### DATA RECORDS
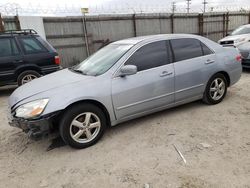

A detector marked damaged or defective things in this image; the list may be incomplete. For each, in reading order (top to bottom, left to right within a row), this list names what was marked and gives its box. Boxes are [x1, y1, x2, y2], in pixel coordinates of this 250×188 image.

damaged front bumper [8, 112, 57, 140]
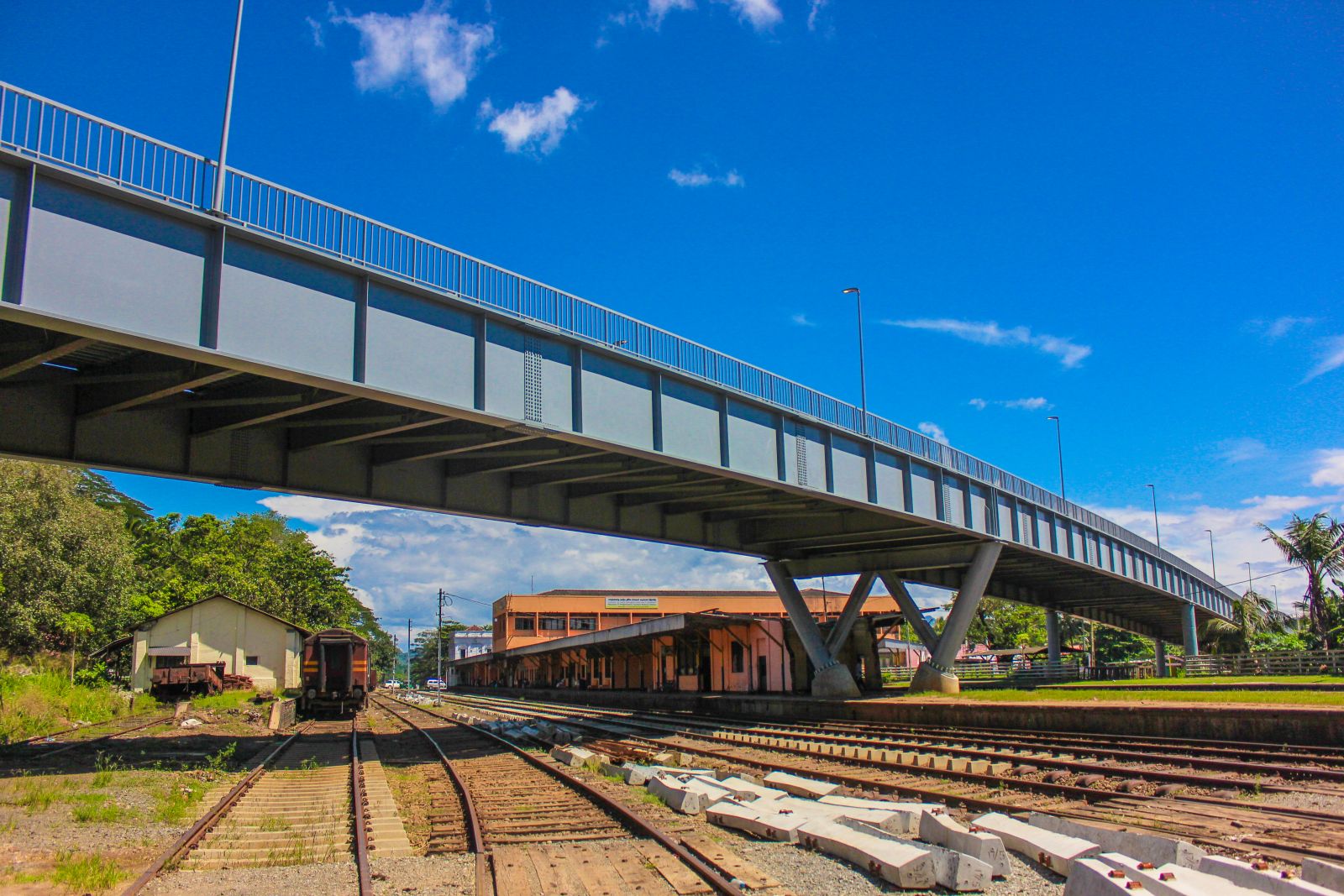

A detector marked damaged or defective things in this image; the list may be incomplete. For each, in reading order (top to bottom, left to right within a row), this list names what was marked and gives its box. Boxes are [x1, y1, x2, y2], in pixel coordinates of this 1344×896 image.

rusty rail track [122, 720, 373, 896]
rusty rail track [373, 693, 742, 896]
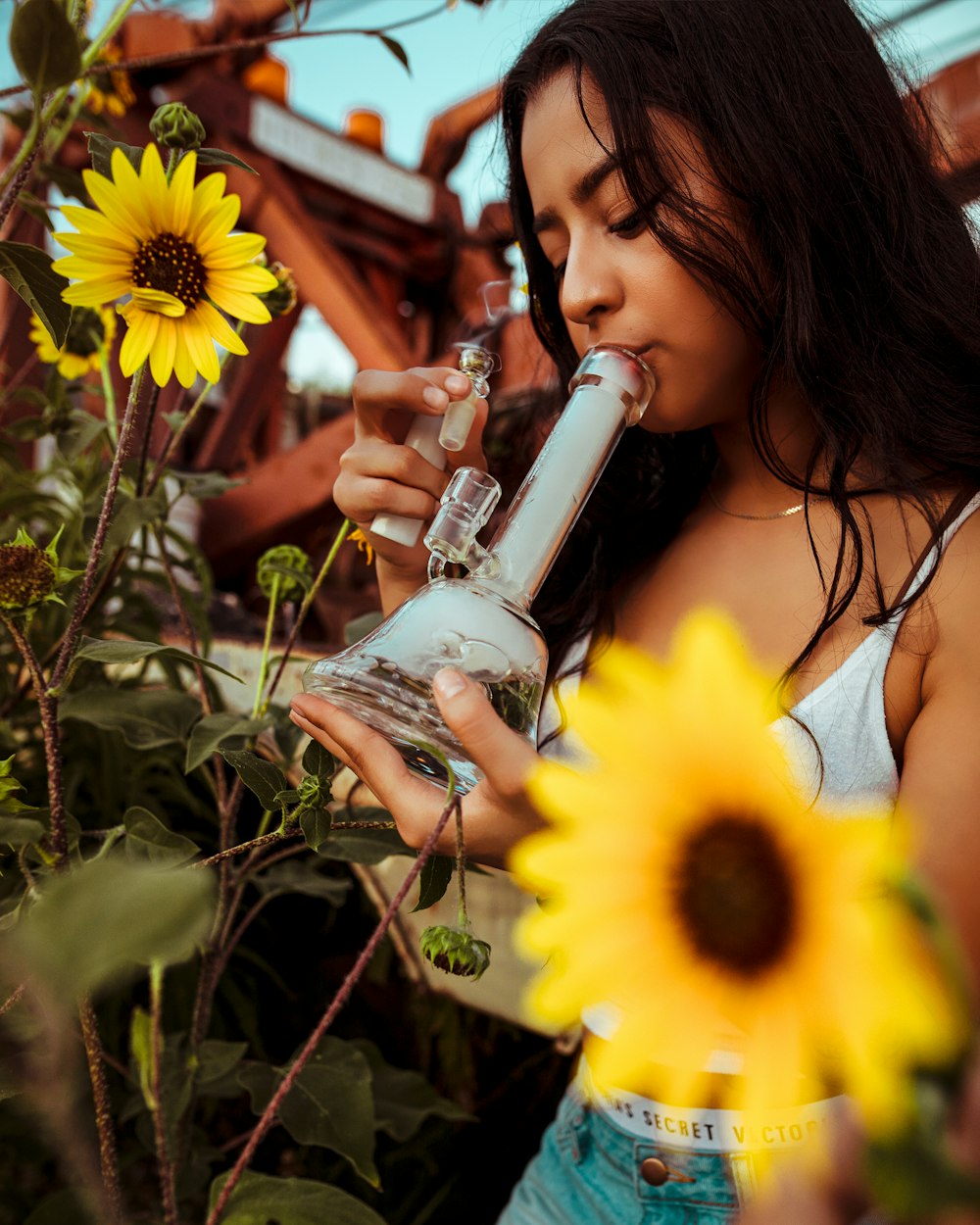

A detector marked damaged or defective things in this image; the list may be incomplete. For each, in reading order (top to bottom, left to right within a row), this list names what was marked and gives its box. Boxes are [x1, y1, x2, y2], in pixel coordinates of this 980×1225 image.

rusty metal structure [1, 0, 980, 627]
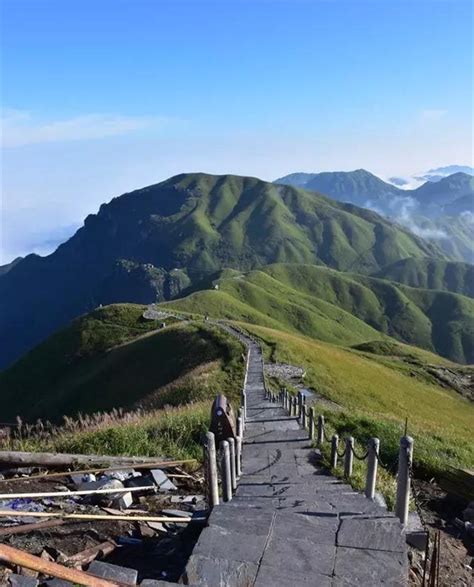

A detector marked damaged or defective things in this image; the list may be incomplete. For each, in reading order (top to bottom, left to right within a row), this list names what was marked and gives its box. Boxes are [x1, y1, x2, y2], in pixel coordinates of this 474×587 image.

broken wooden plank [0, 544, 126, 584]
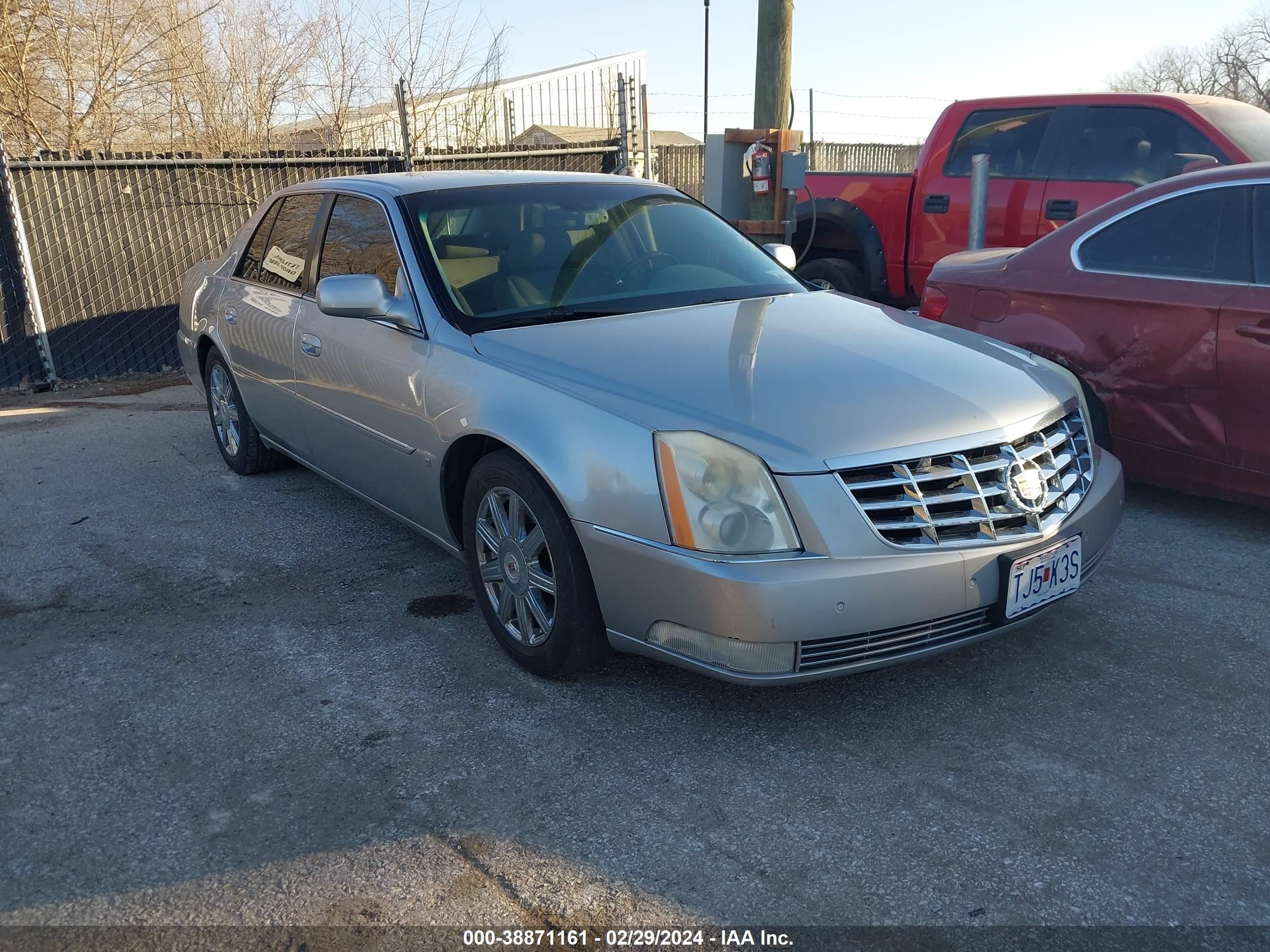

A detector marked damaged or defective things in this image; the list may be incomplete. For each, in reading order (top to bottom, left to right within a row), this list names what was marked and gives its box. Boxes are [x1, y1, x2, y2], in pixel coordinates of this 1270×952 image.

damaged red sedan [923, 162, 1270, 509]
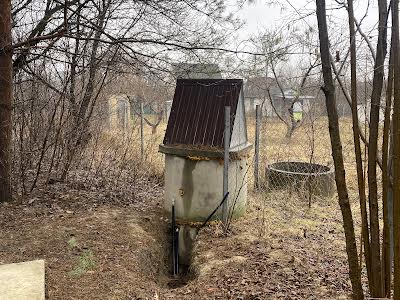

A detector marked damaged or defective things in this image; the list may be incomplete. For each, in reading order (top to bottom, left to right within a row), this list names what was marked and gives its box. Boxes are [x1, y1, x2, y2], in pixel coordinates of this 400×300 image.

rusty metal roof [163, 78, 244, 149]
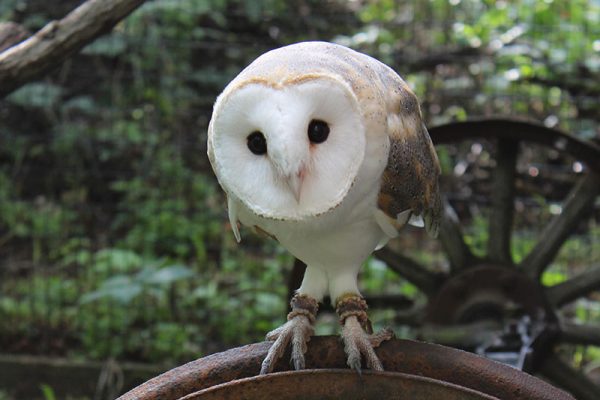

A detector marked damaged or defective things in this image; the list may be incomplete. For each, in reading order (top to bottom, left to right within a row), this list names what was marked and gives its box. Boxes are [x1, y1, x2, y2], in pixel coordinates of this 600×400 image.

rusty metal rim [428, 116, 600, 171]
rusty metal rim [182, 368, 502, 400]
corroded metal surface [185, 368, 500, 400]
rusty metal rim [116, 338, 572, 400]
corroded metal surface [117, 338, 572, 400]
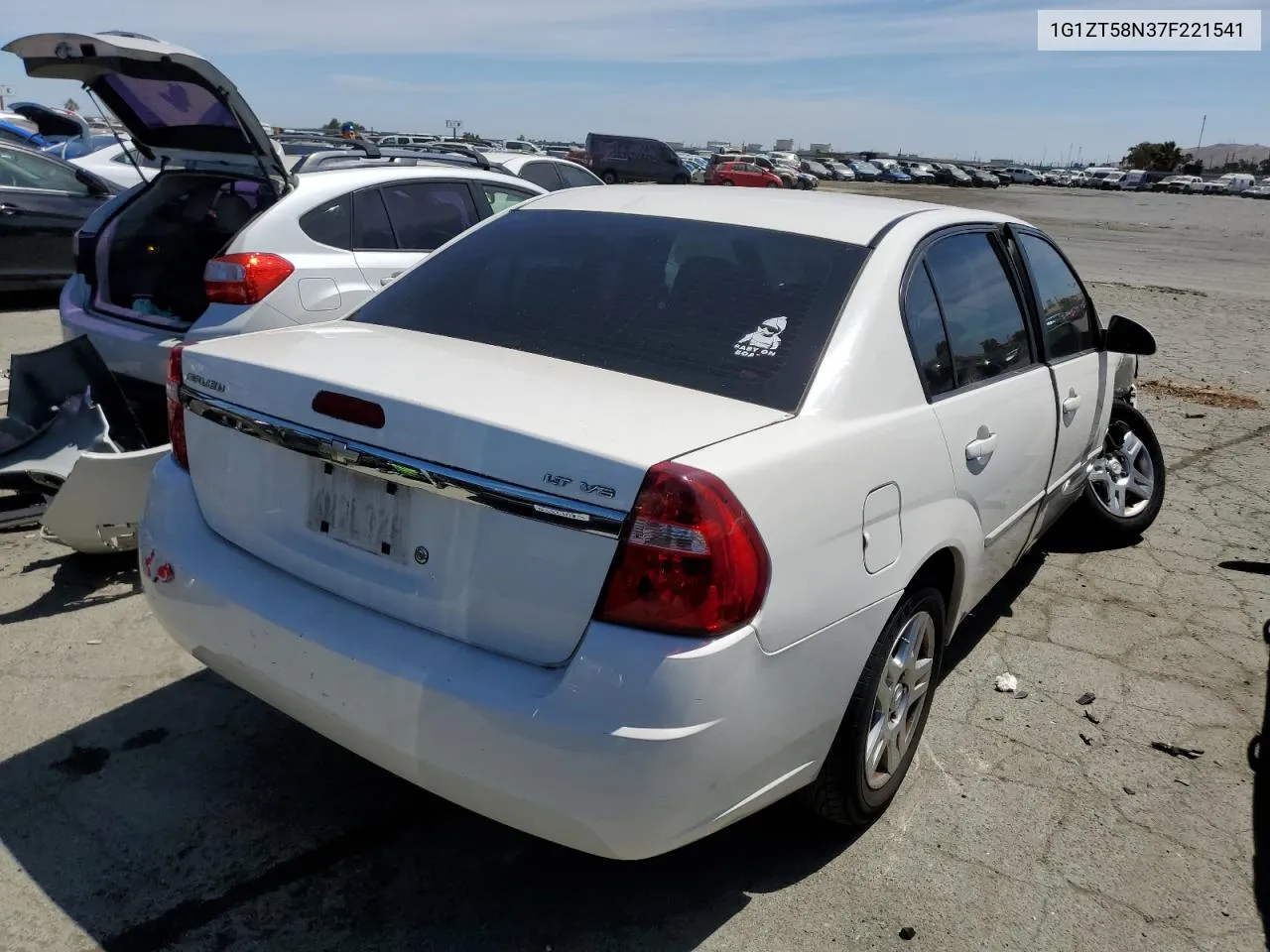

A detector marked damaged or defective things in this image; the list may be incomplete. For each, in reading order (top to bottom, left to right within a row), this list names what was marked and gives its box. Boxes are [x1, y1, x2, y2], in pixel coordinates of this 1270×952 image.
######
WHAT TO PRODUCE: Take the lines from the one holding "this 600×400 image." through the final line of the records above and output them exactly, both ends included, excluding pictures.

EXERCISE SOLUTION:
A detector marked damaged or defective things in this image; the list may be incomplete. For each, in reading order (top to bottom, left to right within a row), this list names what was marked and gives its box. Boxes are [x1, y1, x2, y2], in pixel coordinates of this 600×400 image.

rusty metal rim [428, 116, 600, 171]
rusty metal rim [182, 368, 502, 400]
corroded metal surface [185, 368, 500, 400]
rusty metal rim [116, 338, 572, 400]
corroded metal surface [117, 338, 572, 400]

A detector marked damaged or defective things in this image; the list may be incomplete. For each, in reading order (top to bottom, left to right within a row), this list names what was marked and gives its box. Boxes are [x1, y1, x2, y2], in pixel coordinates of this 1270×952 image.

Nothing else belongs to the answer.